▶ [ACTIVITY]
Everything from the line holding "Here we are" to the end of the listing below should be copied exactly, line for line, minus the pictures.

▶ [DATA EXTRACT]
Segment Open
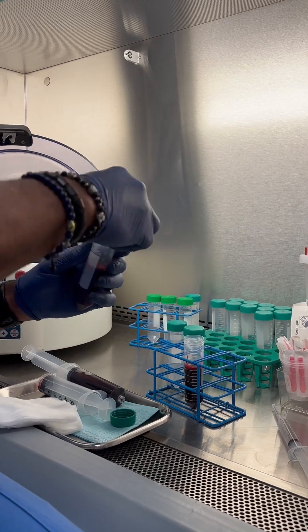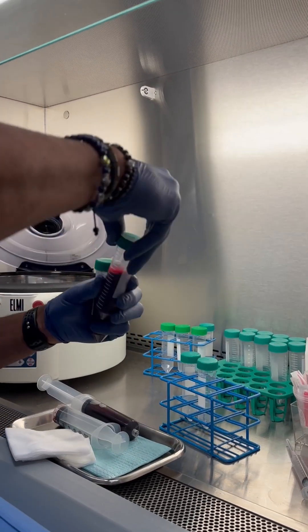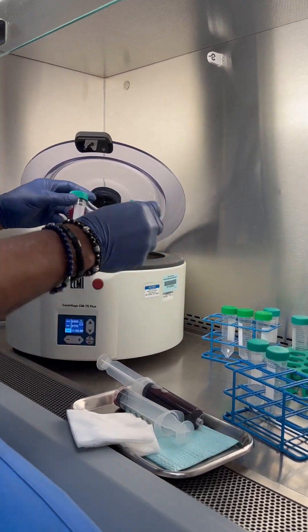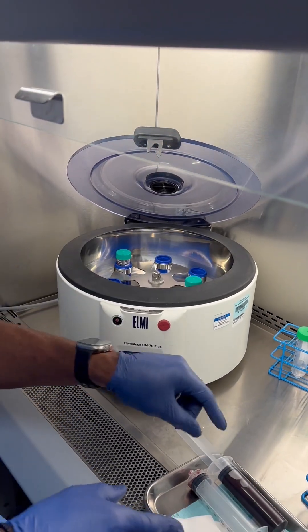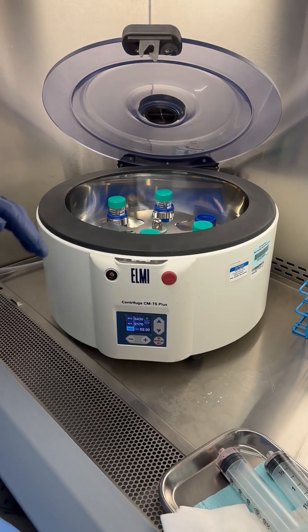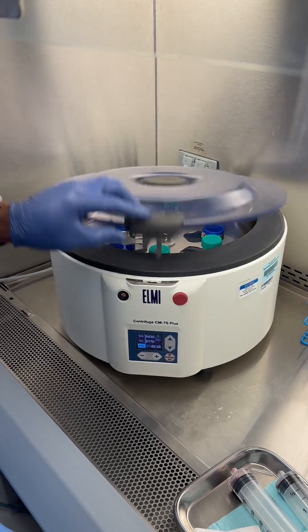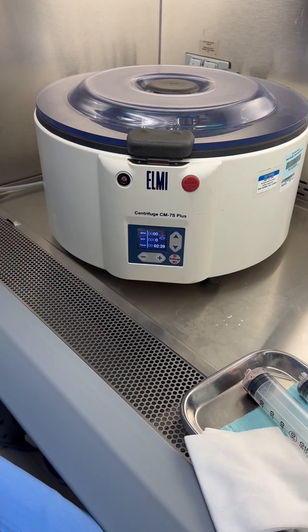A typical 60cc blood draw gets split into two 30cc tubes. Because we drew 120cc, we're going to do the same thing on the next set. So our setup for a 120cc draw is 30, 30, 30, 30 — four tubes. We'll close these up and this first spin is two and a half minutes.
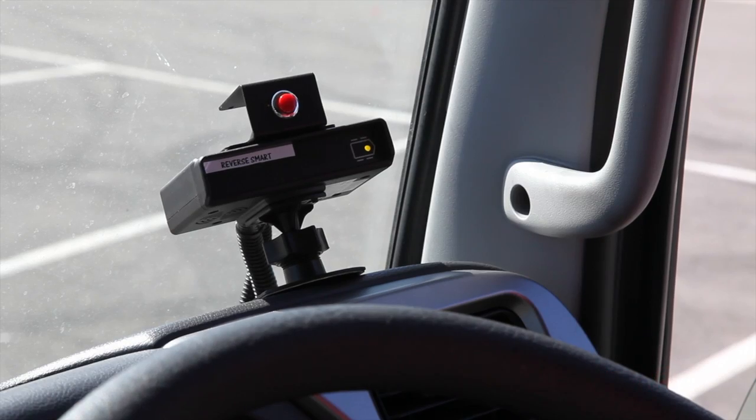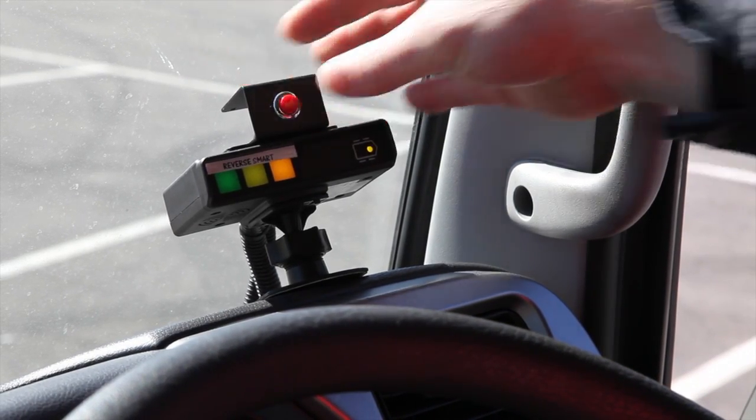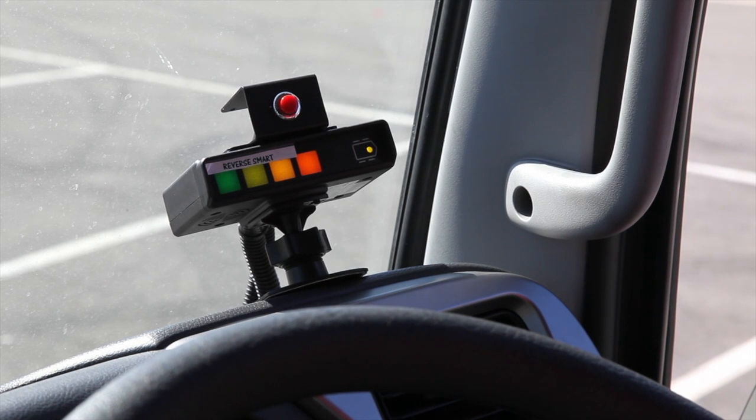If necessary, the braking component can be put in sleep mode for brief periods of time. However, the visual display and audible proximity alarm remain active.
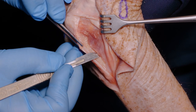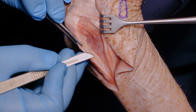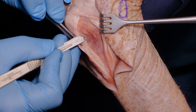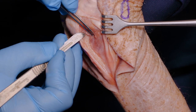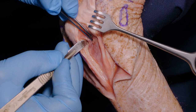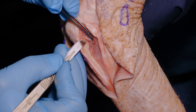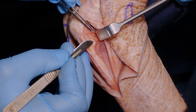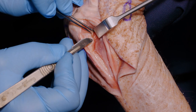Here we are peeling the anconeus sharply off its very strong fibers of attachment to the periosteum of the ulna. In this region we're going to elevate it completely from the capsule in order to perform a capsulotomy before our osteotomy, so that we are clear exactly where our osteotomy is going to enter the trochlear fossa of the proximal ulna.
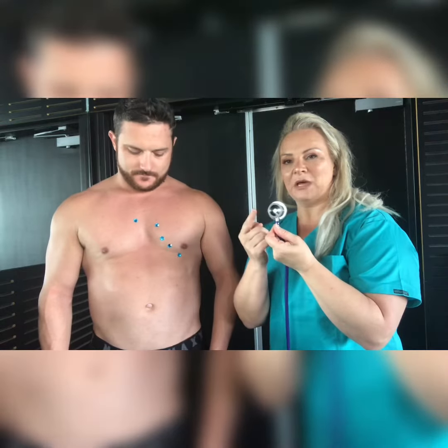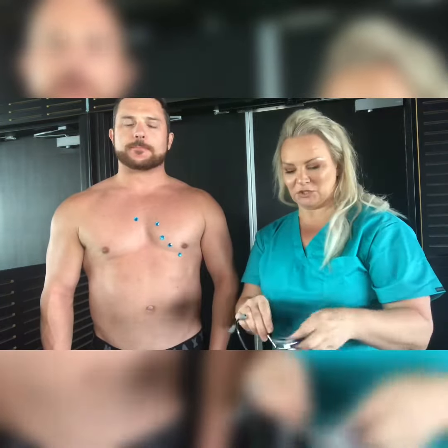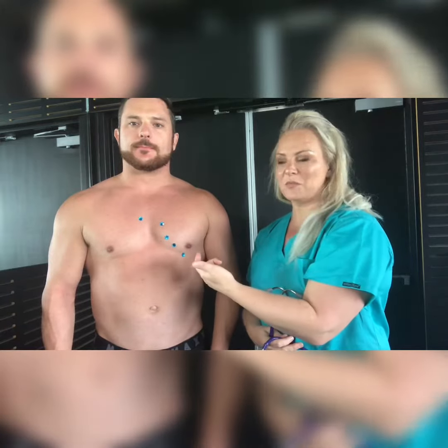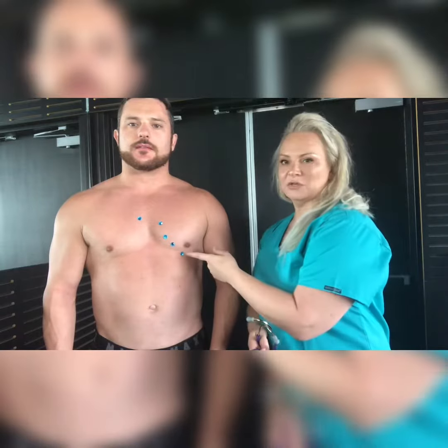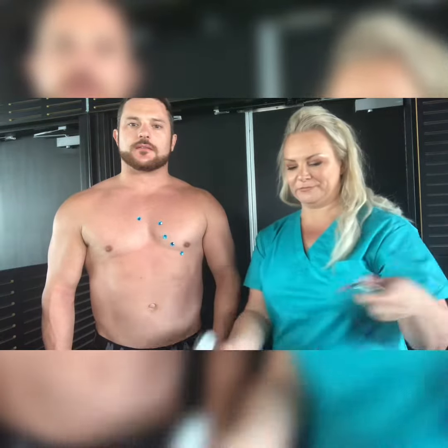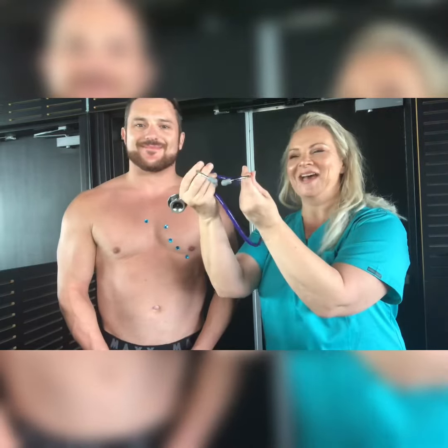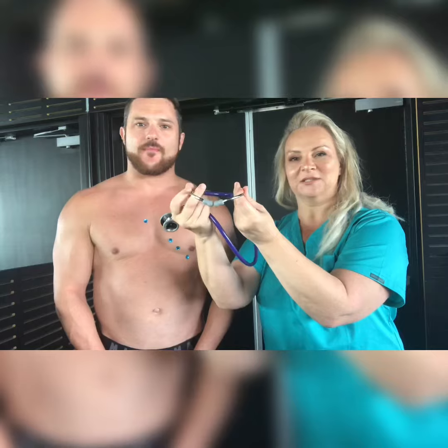The bell picks up high frequencies, so if you're assessing for a heart murmur you're going to use that side. If you work in CCU or ICU, you're going to listen to each of the five points so you can pick up a murmur. If you're working in emergency or on the ward, you're going to go straight to the mitral valve.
Segment Closed
▶ [FINISHED EXERCISE]
Here we are peeling the anconeus sharply off its very strong fibers of attachment to the periosteum of the ulna. In this region we're going to elevate it completely from the capsule in order to perform a capsulotomy before our osteotomy, so that we are clear exactly where our osteotomy is going to enter the trochlear fossa of the proximal ulna.
The bell picks up high frequencies, so if you're assessing for a heart murmur you're going to use that side. If you work in CCU or ICU, you're going to listen to each of the five points so you can pick up a murmur. If you're working in emergency or on the ward, you're going to go straight to the mitral valve.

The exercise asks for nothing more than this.